ARABLOUEI: But Carl knew better. He didn't think a single scientific paper was going to be enough to get people's attention.
TOON: Carl was pretty much a loose cannon.
(SOUNDBITE OF ARCHIVED RECORDING)
UNIDENTIFIED NEWS ANCHOR: Here now, reporting from Washington, Ted Koppel.
ABDELFATAH: November 20, 1983. Ted Koppel, the host of "Nightline"...
SEPKOSKI: The most-watched news program at the time...
ABDELFATAH: ...Was hosting a round table all about nuclear weapons.
(SOUNDBITE OF ARCHIVED RECORDING)
TED KOPPEL: We are joined here in Washington by a live audience and a distinguished panel of guests.
ABDELFATAH: Carl Sagan was one of the guests, along with some of the country's most powerful people.
(SOUNDBITE OF ARCHIVED RECORDING)
KOPPEL: Former Secretary of State, Henry Kissinger.
SEPKOSKI: William F. Buckley Jr.
(SOUNDBITE OF ARCHIVED RECORDING)
KOPPEL: Former Secretary of Defense Robert McNamara.
SEPKOSKI: Along with Holocaust survivor Elie Wiesel.
ABDELFATAH: And former national security adviser, Brent Snowcroft.
SEPKOSKI:
So it's, like, these people are talking and, you know, many, many
millions of people stayed up and stayed tuned for this.
ABDELFATAH:
Most Americans tuning into this roundtable would have just seen a
made-for-TV movie called "The Day After," which debuted that night to an
audience of a hundred million viewers in the U.S.
(SOUNDBITE OF FILM, "THE DAY AFTER")
UNIDENTIFIED ACTOR #2: (As First Air Force Officer) Roger, copy. This is not an exercise.
UNIDENTIFIED
ACTOR #3: (As Second Air Force Officer) Roger, understand. Major
Reinhardt, we have a massive attack against the U.S. at this time. Over
300 missiles inbound now.
(SOUNDBITE OF SIREN WAILING)
SEPKOSKI: And it's billed as an authentic depiction of the aftermath of a nuclear war.
(SOUNDBITE OF FILM, "THE DAY AFTER")
UNIDENTIFIED ACTORS: (As characters, screaming).
SEPKOSKI:
And this is one of the first times that anybody's tried to actually
realistically reproduce what a nuclear war would look like.
(SOUNDBITE OF FILM, "THE DAY AFTER")
JOHN LITHGOW: (As Joe Huxley) Hello. Is anybody there? Anybody at all?
SEPKOSKI:
And a text appears on screen at the very end, saying, the catastrophic
events you've just witnessed are, in all likelihood, less severe than
the destruction that would actually occur in the event of a full nuclear
strike against the United States.
ABDELFATAH: And then, as
soon as "The Day After" credits end, Carl and the other roundtable
guests appear ready to discuss the film everyone just saw. Henry
Kissinger - not a fan.
(SOUNDBITE OF ARCHIVED RECORDING)
HENRY KISSINGER: I think that this film presents a very simple-minded notion of the nuclear problem.

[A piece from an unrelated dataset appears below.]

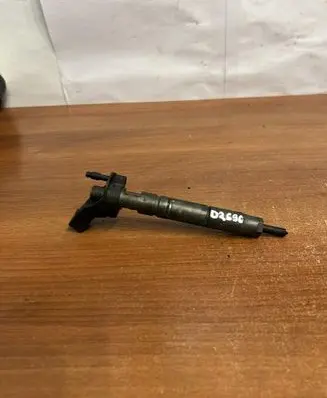 Mercedes-Benz E W211 Fuel injector A642070 D2696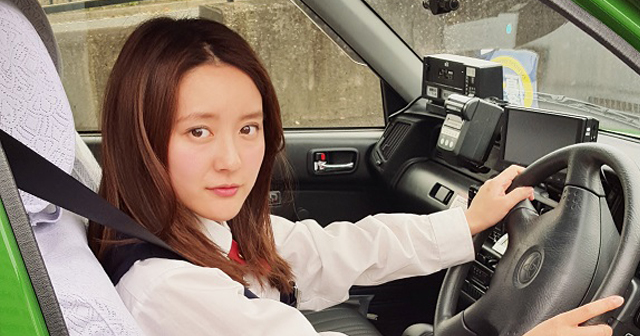 美人すぎるタクシー運転手・生田佳那。白い肌に溢れる・・スタイル抜群の着姿が話題にｗ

ABDELFATAH: Neither was William F. Buckley Jr.
(SOUNDBITE OF ARCHIVED RECORDING)
WILLIAM
F BUCKLEY JR: The guy who wrote it says, I would like to see people
starting to question the value of defending this country with a nuclear
arsenal.
ABDELFATAH: But Sagan...
SEPKOSKI: Sagan turns to the camera and says...
(SOUNDBITE OF ARCHIVED RECORDING)
SAGAN:
It's my unhappy duty to point out that the reality is much worse than
what has been portrayed in this movie, and this new emerging reality has
significant policy implications. The nuclear winter...
ARABLOUEI:
The nuclear winter that will follow even a small nuclear war involves a
pall of dust and smoke, which would reduce the temperatures not just in
the northern and mid-latitudes, but pretty much globally, to
sub-freezing temperatures for months.
(SOUNDBITE OF ARCHIVED RECORDING)
SAGAN: There is a real possibility of the extinction of the human species from such a war.
ABDELFATAH: It was a mic-drop moment.
(SOUNDBITE OF ARCHIVED RECORDING)
SAGAN:
Imagine a room awash in gasoline, and there are two implacable enemies
in that room. One of them has 9,000 matches. The other has 7,000
matches. Each of them is concerned about who's ahead, who's stronger.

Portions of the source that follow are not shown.